### Exercise objective
Go to the line holding "A close-up of" in the data below and repeat it exactly, then each line after it up to and including the one holding "Cute Crow Raven Chainsaw Carving". Omit pictures.

### Data to use
################
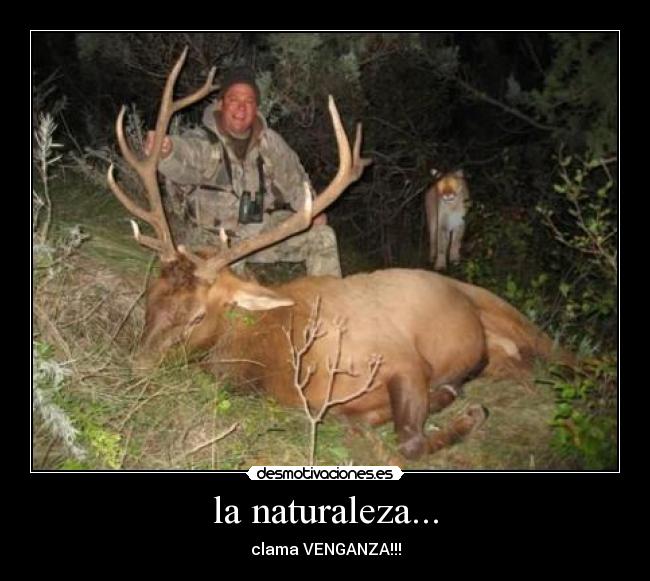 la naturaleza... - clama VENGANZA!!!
################
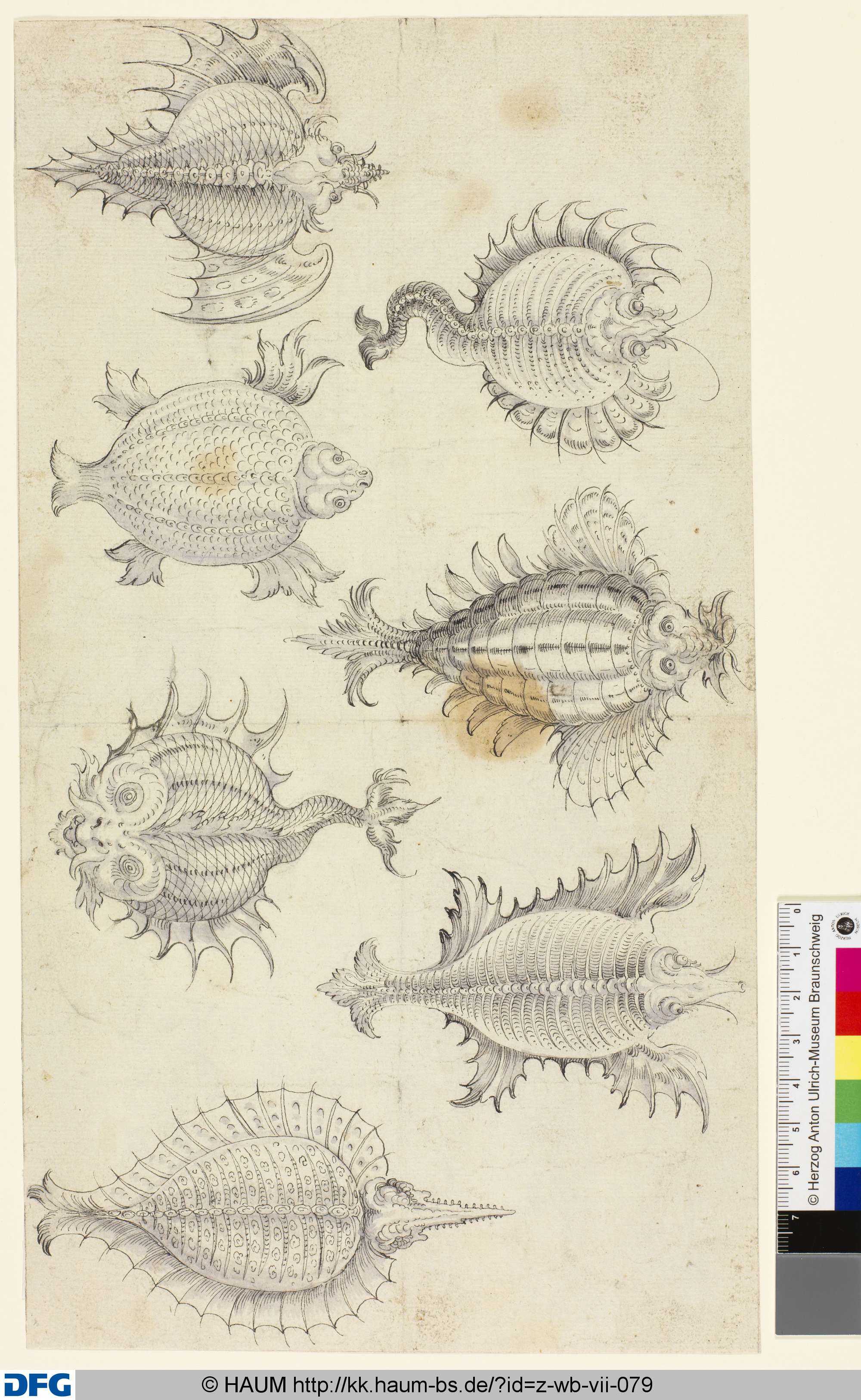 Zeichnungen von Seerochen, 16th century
################
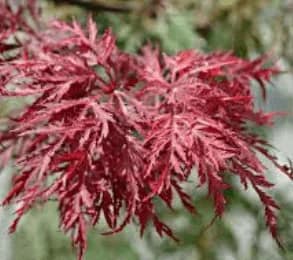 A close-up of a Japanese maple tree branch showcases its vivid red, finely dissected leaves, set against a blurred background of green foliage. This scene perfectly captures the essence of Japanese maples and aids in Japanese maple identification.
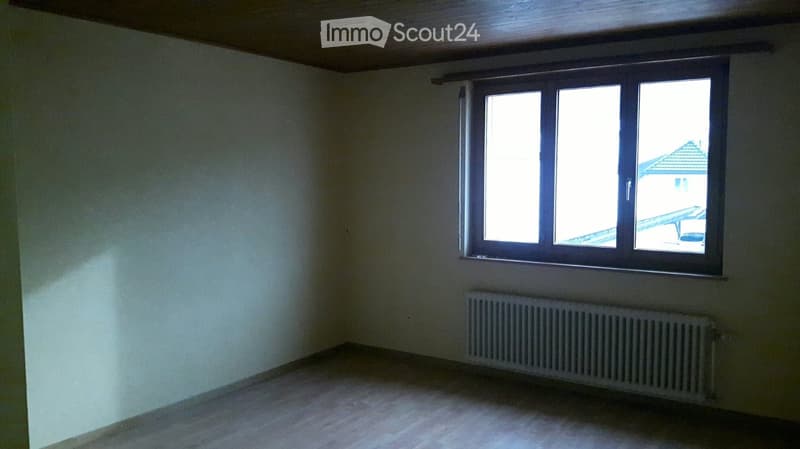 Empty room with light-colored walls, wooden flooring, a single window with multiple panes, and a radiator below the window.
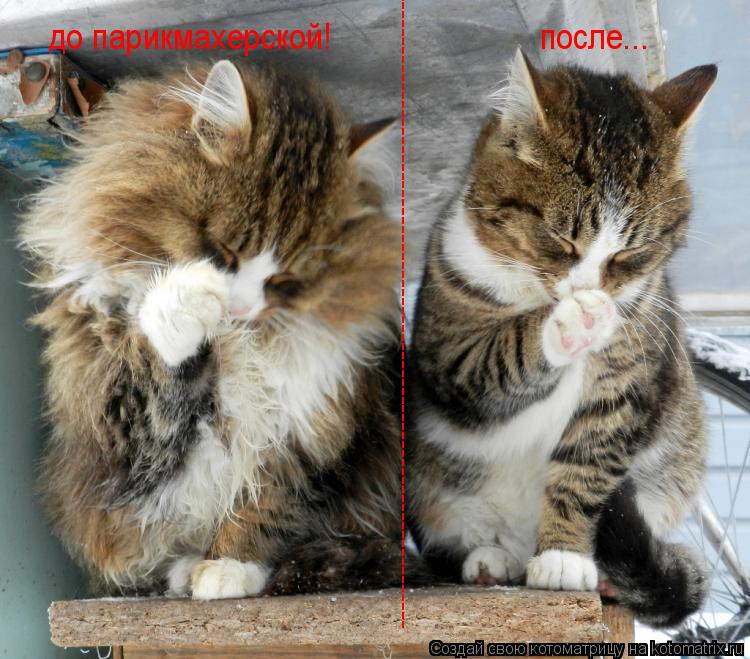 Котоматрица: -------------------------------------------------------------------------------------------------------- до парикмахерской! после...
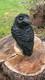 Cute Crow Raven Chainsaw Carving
################
### Answer section
 A close-up of a Japanese maple tree branch showcases its vivid red, finely dissected leaves, set against a blurred background of green foliage. This scene perfectly captures the essence of Japanese maples and aids in Japanese maple identification.
 Empty room with light-colored walls, wooden flooring, a single window with multiple panes, and a radiator below the window.
 Котоматрица: -------------------------------------------------------------------------------------------------------- до парикмахерской! после...
 Cute Crow Raven Chainsaw Carving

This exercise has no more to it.